What Adventures we had!
 
But those kinds of days, are over.
Children today, will never know that Freedom or Experience.
 
My father had a large family.
The sons served their country and none were lost.
They left their small hometown as young men that had basically never traveled,  and saw too much of the world.
I remember asking my father if we could go to Hawaii.
He said he had seen enough islands.
Those were the only words I ever remember him speak, referring to the War.   
 
My father was a radio operator on an Avenger plane.
The kind of plane that took off and landed on aircraft carriers that came to know what it was like to be slammed into, by kamikazes.
 
My father never spoke of it to me.
It wasn't until my oldest son, pieced together the story and made each family member for Christmas, an entire binder full of details, that I had a clue what his war experience looked like.
 
As for being a "Moodtorian"...
History classes, public television, movies and music have helped fill in the blanks for my imagination, of those days.
The strongest for me...the Music!
To this day...I listen to that era's music, a lot...those Swingers and Crooners, that I know that my Father also listened to...while far, far away...from home.
I learned the words of those songs, from him. 
 
I made this altered cigar box and dedicate it to him...to that time...to that epic horror.
Some survived it...and sadly, many didn't.
 
I gave the box to my mother for Christmas, this year.
 
There's something more, than cutting and stitching and gluing that goes on, when you quietly look into the face of your father as a child man, with his siblings, each in their different military uniforms.
 
What must it have been like to be together one last time, and wonder if they would see each other again?
 
From beyond those days, we now know what they went through, but they had no clue what was ahead of them, then.
I'm sure that it took way more than swingers and crooners to get them through those days of terror.
 
So, it was touching for me, even without the details or conversations with my father, to feel like I knew him better after this project.
 
We also now know what amazing men and women they were and the sacrifices that they made...to make it possible for me as a child, to safely play in the streets of his hometown.
 
Many of you reading this are too young to have known a family member that lived through World War II, but many of you did.
This box is dedicated to those that we all knew...
and to my Father.
I hope that you will see it for more than an art piece.
 
 
 

 
 

 
 
I used photos, and letters and randomly tore a page out of an old dictionary, only to discover that it had the word...Papa, on it.

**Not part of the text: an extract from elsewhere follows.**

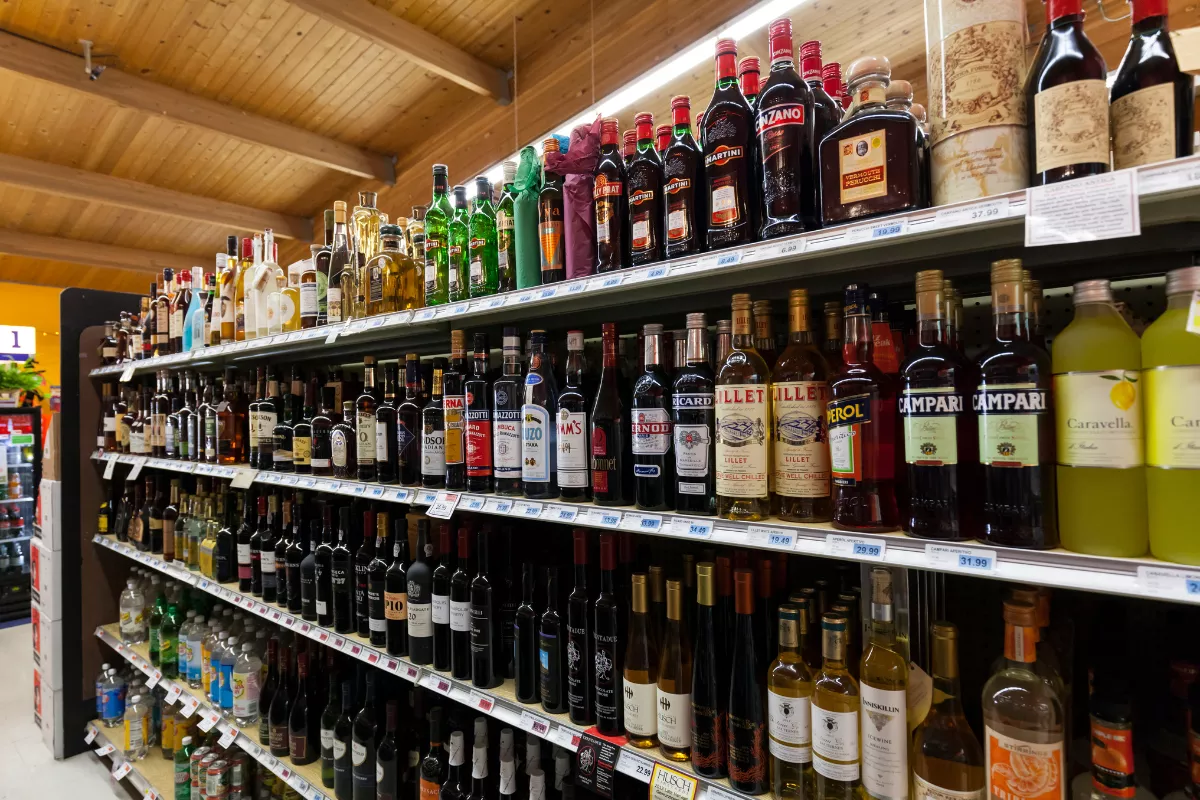 Prateleiras cheias de garrafas de bebidas alcoólicas, como vinhos, destilados e licores, organizadas em um ambiente de distribuidora. A imagem mostra variedade de produtos e reforça a ideia de negócios que atuam com volume e diversidade no setor de bebidas.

That is what his grandchildren called him.
Those coincidences happen to me a lot when I'm creating.
 
I love it when it happens.
 

 
He had a way of making it look like he was on a vacation somewhere, having a ball.
I'm sure that he was acting...a lot.
 
 

 
I put some dried flowers in a handmade glassine paper envelope.
 

 
I pad and line the insides of all of my boxes.
I love to put lavender pouches inside, too.
 
My mother was an excellent seamstress when she was younger,
so I love to honor those arts by adding sewing notions.
 
Finally, some months back, I found a small box of beautiful seed beads in tubes with a 15cent
Winn's Store price tag on each one.
My father worked for that company most of his adult life.
 
Another beautiful...coincidence :)
 

 
I wish with this posting you could hear, the music that I can hear.
Maybe you would also see me as a little girl, standing on my fathers feet as he danced with me to it.
 
 
This box is dedicate to all of our Hero's...military or not.